[Opening SUPPLIED RECORDS section]
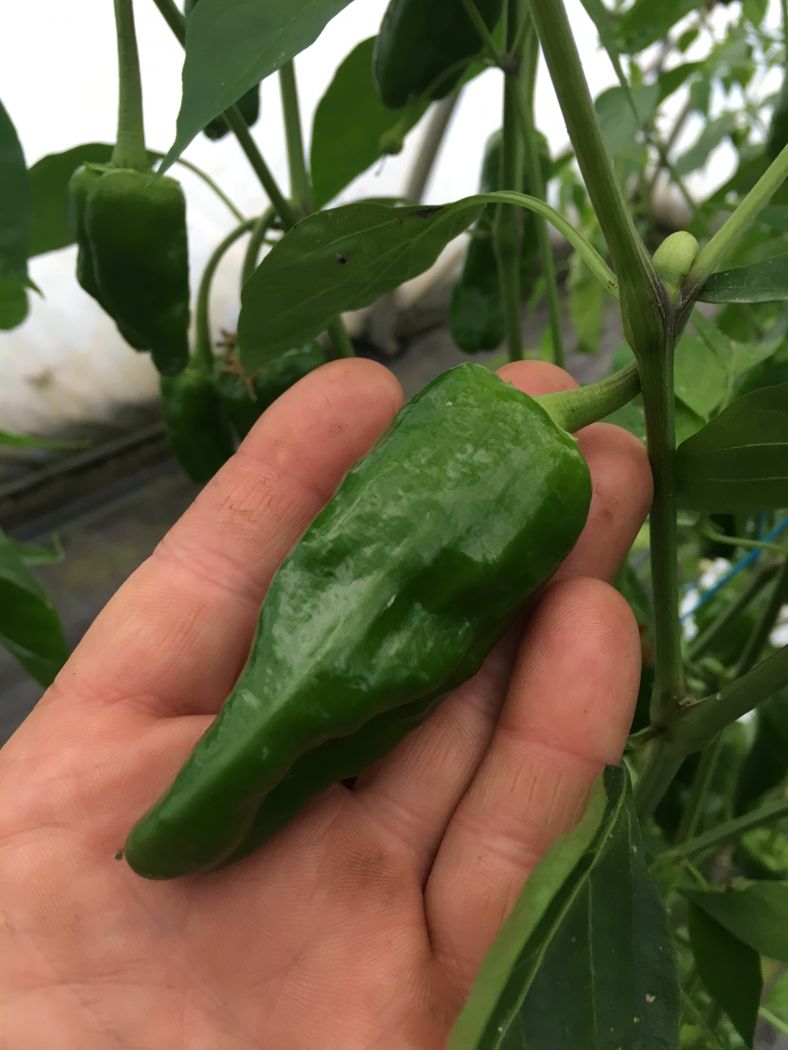 Pimientos de Padron - Friske frugter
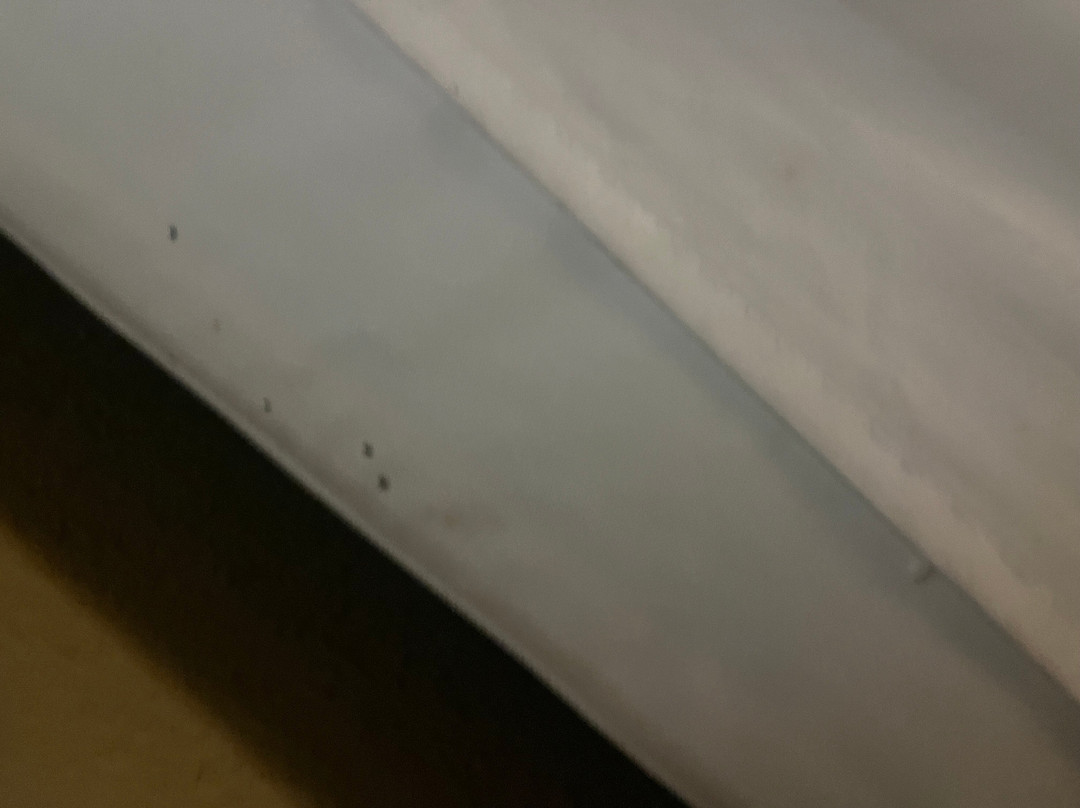 Comfort Suites - Kings Island主图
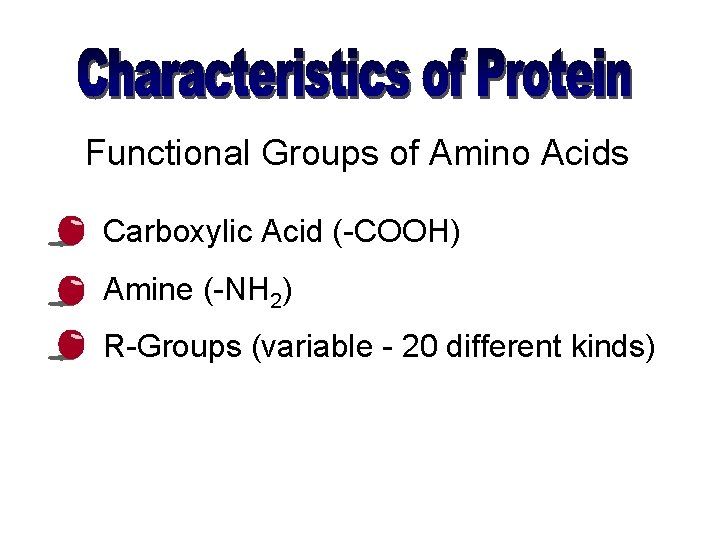 Functional Groups of Amino Acids • Carboxylic Acid (-COOH) • Amine (-NH 2) •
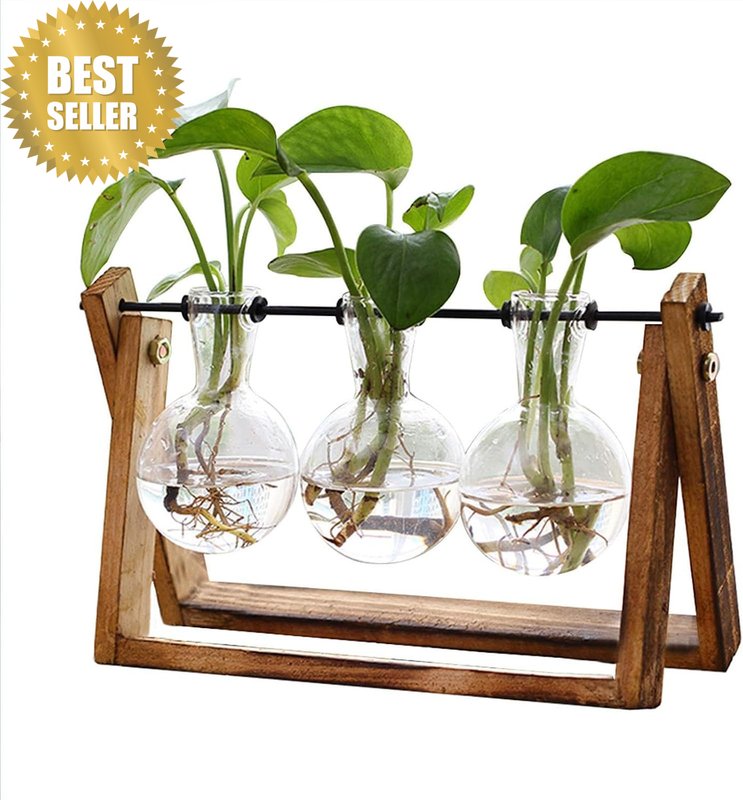 Plant Terrarium with Wooden Stand, 3 Bulb Vase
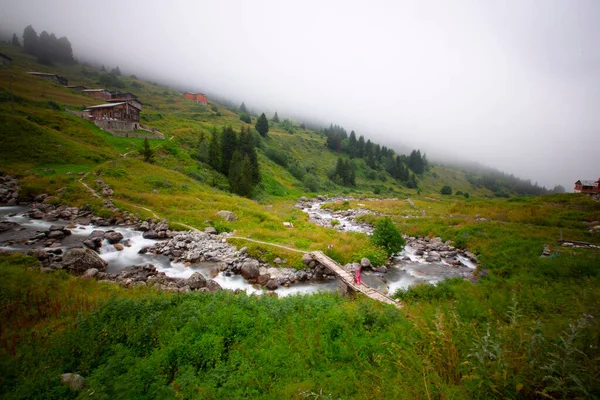 Plateau Elevit Rize Esta Meseta Encuentra Distrito Camlihemsin Provincia Rize —  Fotos de Stock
[Closing SUPPLIED RECORDS section]
AIM OF THE TASK: Output every entry verbatim. Pictures do not belong in the copy.

ANSWER TO THIS EXERCISE:
 Pimientos de Padron - Friske frugter
 Comfort Suites - Kings Island主图
 Functional Groups of Amino Acids • Carboxylic Acid (-COOH) • Amine (-NH 2) •
 Plant Terrarium with Wooden Stand, 3 Bulb Vase
 Plateau Elevit Rize Esta Meseta Encuentra Distrito Camlihemsin Provincia Rize —  Fotos de Stock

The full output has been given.